A highly publicized extramarital affair didn’t end Mark Sanford’s political career. Nor did the revelation, less than a month before a 2013 special election for Congress, that he had to go to court because his ex-wife had accused him of trespassing. The National Republican Congressional Committee’s decision to cut off funding to him that year was also not a fatal blow. He won his next elections.
Then came Donald Trump.
Sanford has been one of the president’s most vocal Republican critics in Congress, and Republican primary voters punished him for it. Sanford lost Tuesday night to Katie Arrington, a state representative who made public support for Trump — and Sanford’s lack thereof — a central issue of her campaign.
"I've always been a realist, and at this point, based on the numbers I see, I think that I'll end up losing this election," Sanford said at his election night party, a little over an hour before the AP called the race.
Arrington declared victory at her own party, and made her allegiance clear. "We are the party of President Donald J. Trump. We are the party of Sen. Tim Scott. And now, Congressman Katie Arrington," she said to cheers.

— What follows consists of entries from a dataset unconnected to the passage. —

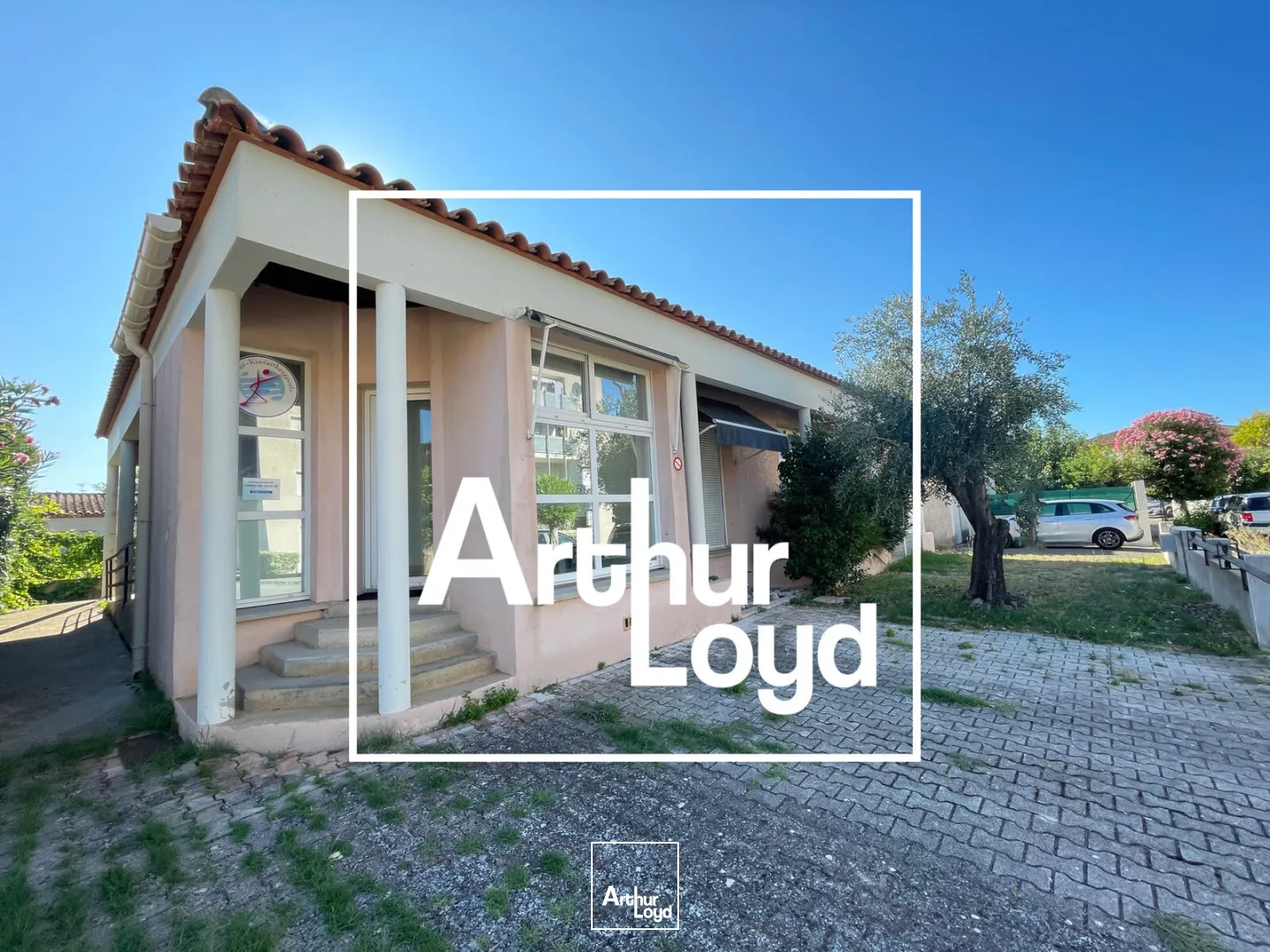 LOCAL PROFESSIONNEL A VENDRE - MAUGUIO CENTRE-VILLE - ACCESSIBLE PMR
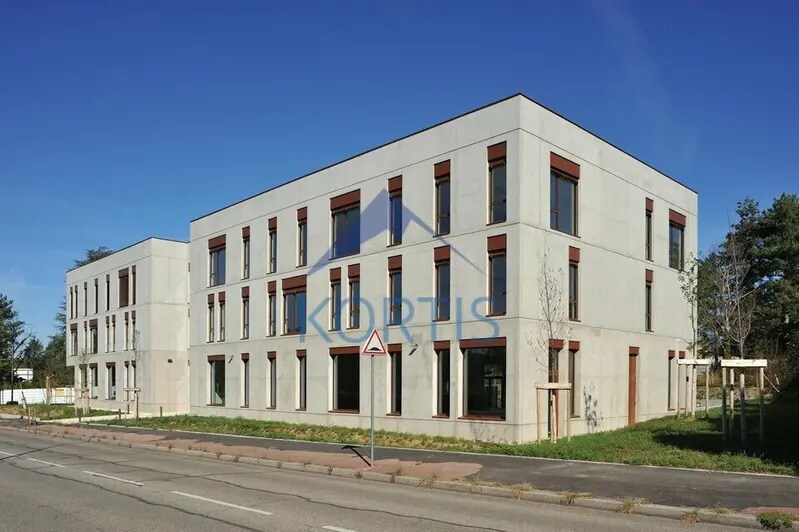 51 Rue Berty Albrecht, Bron à louer - Photo du bâtiment - Image 3 de 4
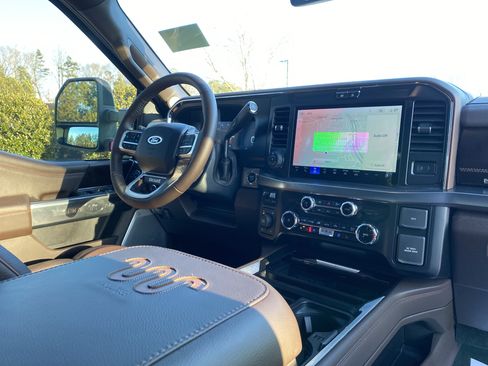 Used 2025 Ford F350 King Ranch image 6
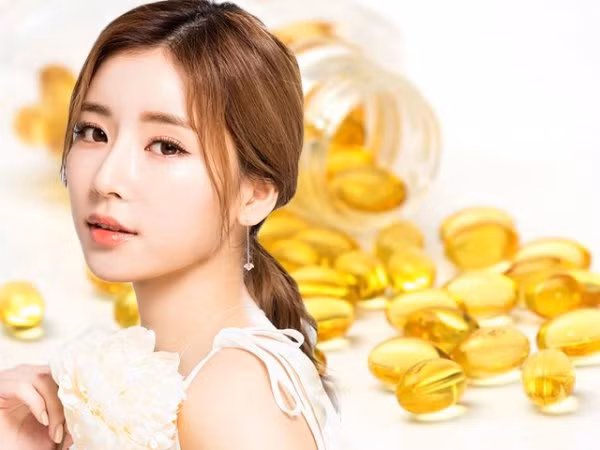 Khả năng làm đẹp da, chống lão hóa, mờ vết nám... của vitamin E được công nhận từ lâu. Vậy nhưng, nhiều người thắc mắc vitamin E uống trực tiếp hay thoa lên mặt sẽ mang lại tác dụng mạnh mẽ hơn. Để đưa ra câu trả lời, chuyên gia phân tích lợi ích của việc dùng vitamin E làm đẹp theo từng cách.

Trump waded into the campaign in its final hours, endorsing Arrington late Tuesday afternoon. "Mark Sanford has been very unhelpful to me in my campaign to MAGA. He is MIA and nothing but trouble. He is better off in Argentina," Trump tweeted, nodding to Sanford's affair. Sanford responded to the tweet at his party Tuesday night, saying that while he is "neither for or against Trump," he stood by his decisions to disagree with Trump at times, even if they cost him an election.
Sanford is the second Republican House member to see primary trouble in as many weeks as a result of clashes with Trump. Last week, Alabama Rep. Martha Roby, who rebuked Trump in 2016 following the release of the Access Hollywood video, was forced into a runoff against a candidate who highlighted her comments while tying himself to Trump. She has made efforts to reconcile with Trump since he took office, but they were insufficient — she took just 39% of the vote.
Republican primary voters, it is becoming clear, are as willing to hold grudges as the president they support. The results are a shot across the bow of any Republican who would rebuke the Trump.
The Republican Party, Sanford said in his speech Tuesday night, is at an "inflection point."
"We had a big debate, and again, the promises that I've made and kept over the years aren't selling in this particular political climate," he said. "That does not mean that they're not relevant, and not important to our lives, but more importantly, as it relates to party, not important to sustaining the Republican Party."
Sanford, to be sure, provides a large target for an opponent, and Arrington did not ignore the classic hits. One ad, in which she spoke to the camera as she walked down a trail, concluded with an allusion to Sanford's most infamous scandal, telling Sanford to "Take a hike — for real this time."
But his loss is a boon for Democrats, who see an opportunity to compete in the district now that the incumbent has been ousted. Sanford was sitting on $1 million in his campaign account, whereas Arrington is likely to enter the general election with her war chest severely depleted. Sanford is the rare Republican concerned about global warming, and his conservationist views won him support from some more moderate voters in this coastal district. Arrington, meanwhile, positioned herself to Sanford’s right in the primary — leaving room for attorney Joe Cunningham, who won the Democratic primary Tuesday night, to potentially win over some of those voters.
"It’s a race to watch in November," DCCC chairman Ben Ray Luján said in a statement Tuesday night.
In nine campaigns over the course of 24 years, it is Sanford's first loss.